To tylko współczuć ci mogę. :-(Poproś kogoś o pomoc, ludzie są ciężko trybni i jak nie poprosisz to sami nie domyslą się.a ja mam już tego wszystkiego po dziurki w nosie:-( chyba wolałabym miec jakis mega remont niż chłopa z nogą w gipsie wszystko sama musze robic..na zakupy sama, sprzątac sama..a ja juz czasem nie mam sił..i jeszcze musze latac w koło niego z obiadkami herbatkami itd..masakra:-( a kiedy ja odpocznę?? noga w gipsie conajmniej 4 tygodnie..więc do połowy stycznia.. mam już dosyc!!!
No to chyba jakiś wirus zaczyna panować. Moje też coś zaczęły zdychać. Stosuję narazie domowe sposoby : mleczko z miodem, smarowanko , wygrzewanko i o jako tako bez gorączki narazie.A i jeszcze moja Kasia znów chora idę z nią na 19.00 do lekarza .
Podziwiam was laski. Mnie tam leń nadal mocno się trzyma i jakoś nie zamierza się by odszedł gdziekolwiek.golimek a ty już po remoncie ?? powoli a posprzątasz wszystko. ja mam jeszcze parę rzeczy po remoncie do ogarnięcia. przez około półtora tygodnia sprzątałam, a mieszkanie nie duże ponad 60m2.

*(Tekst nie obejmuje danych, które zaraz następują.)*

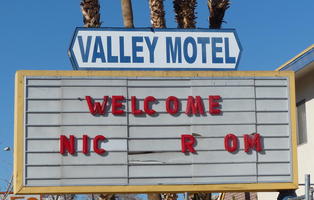 Abandoned motel sign reading “Welcome NIC R OM”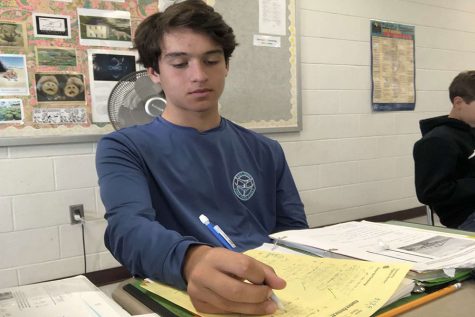 Public school returnee Aidan Dufoe ‘22 is working on a math assignment for class at Hollis Brookline High School. This is his first year back at public school after attending just one year at Bishop Guertin. “I prefer public school. It’s more of a community,” said Dufoe.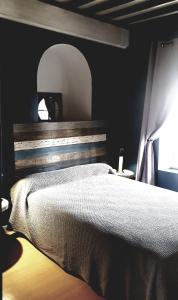 a bedroom with a large bed with a wooden headboard at L' Oustaloun in Maussane-les-Alpilles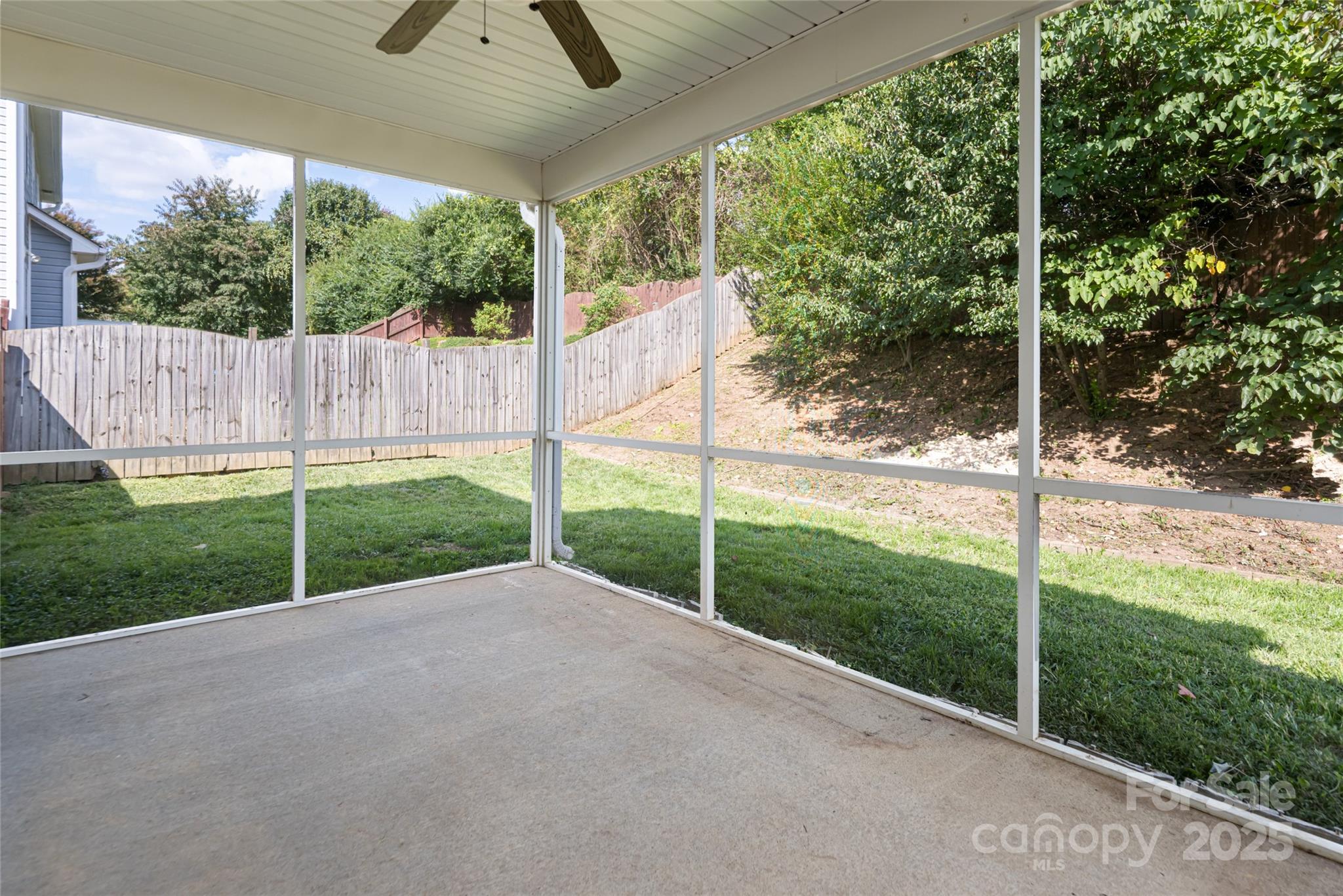 163 Yadkin Road Fletcher, NC 28732 - Photo 38 of 43 a view of a backyard with plants and garden view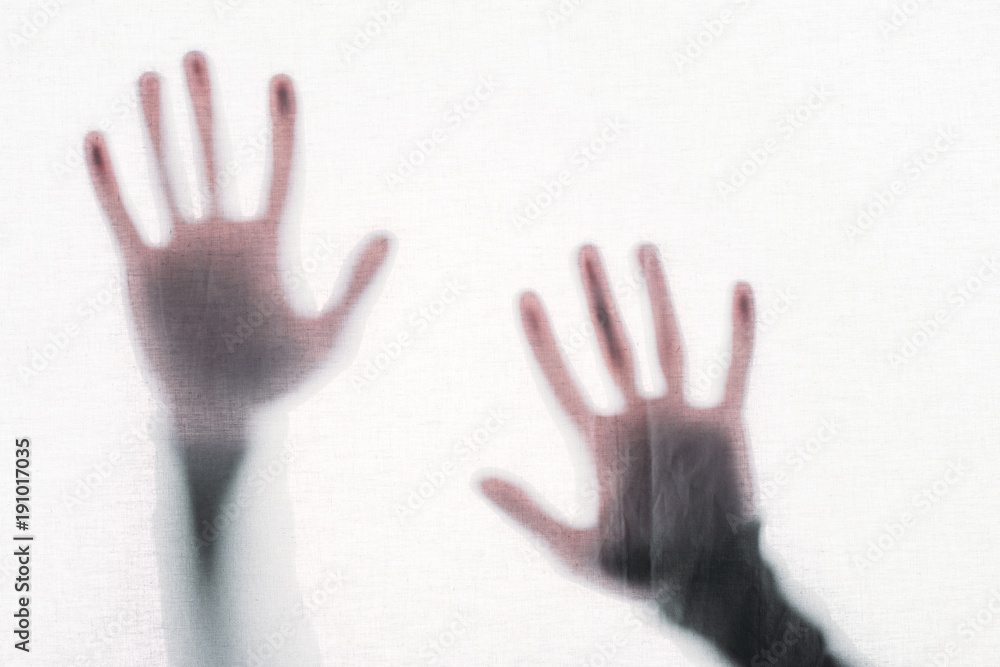 blurry silhouette of human hands touching frosted glass blurry silhouette of human hands touching frosted glass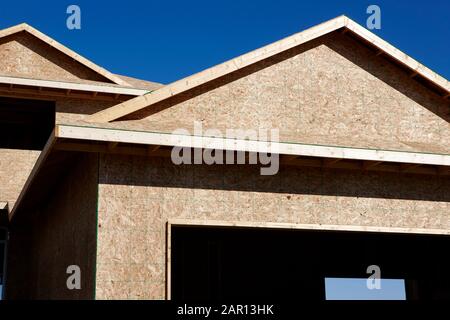 timber framed house under construction in canada Stock Photo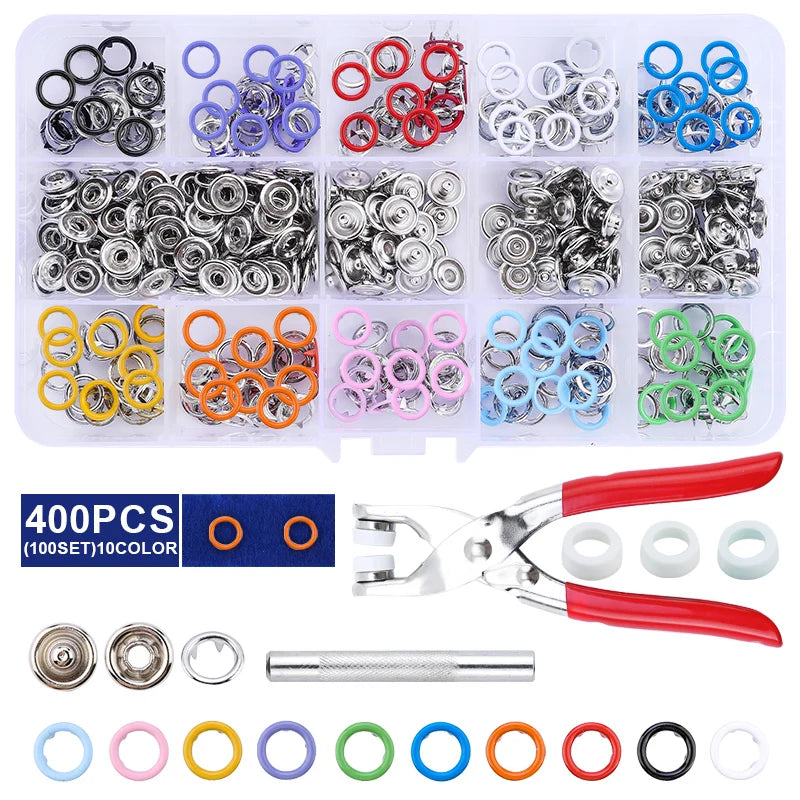 A variety of heavy duty metal snap fasteners, rings, and tools are displayed in a clear plastic container.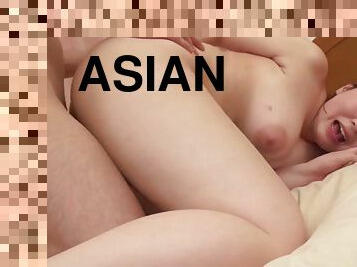 Succulent Asian MILF pleasures her horny husband in bed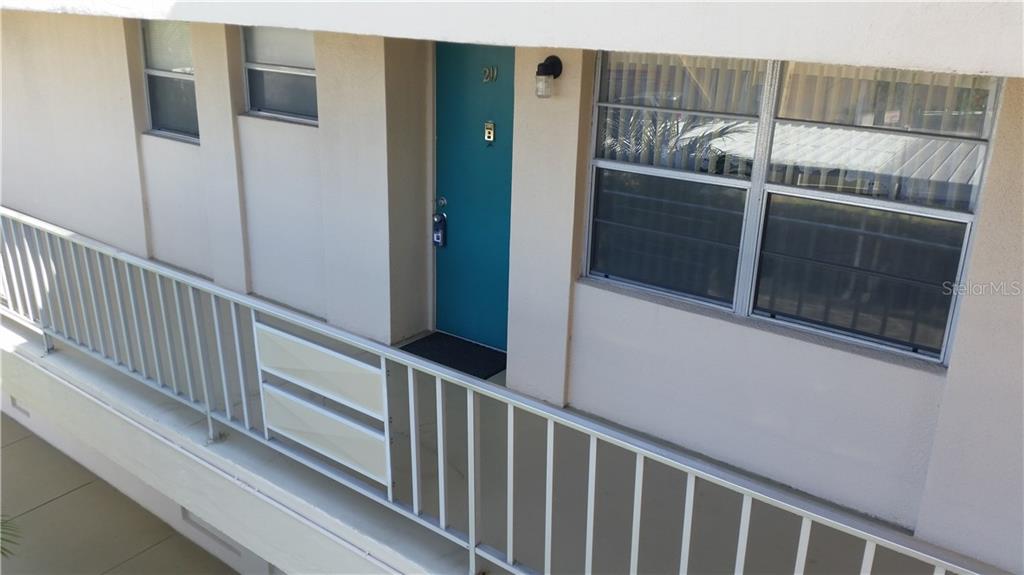 9950 47th Avenue North, Unit 211 St. Petersburg, FL 33708 - Photo 1 of 1 Entrance to unit 207.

Rano juz nie prowadzam dzieci do szkoły i przedszkola, zajmuje się tym teraz mój tatuś. Z resztą autem to dla niego żaden wysiłek.A ja z buta musiałam kilometry pokonywać.Małemu wyrobiłam kluczyk od furtki i sam wraca ze szkoły a ja tylko po Julcię śmigam.:-)Po nauczce szorowania dywanika , szycia , sprzątania... po jednej takiej pracowitej sobocie i jej efektach odpuściłam wszystko.Nawet pisać mi się nie chce nieraz.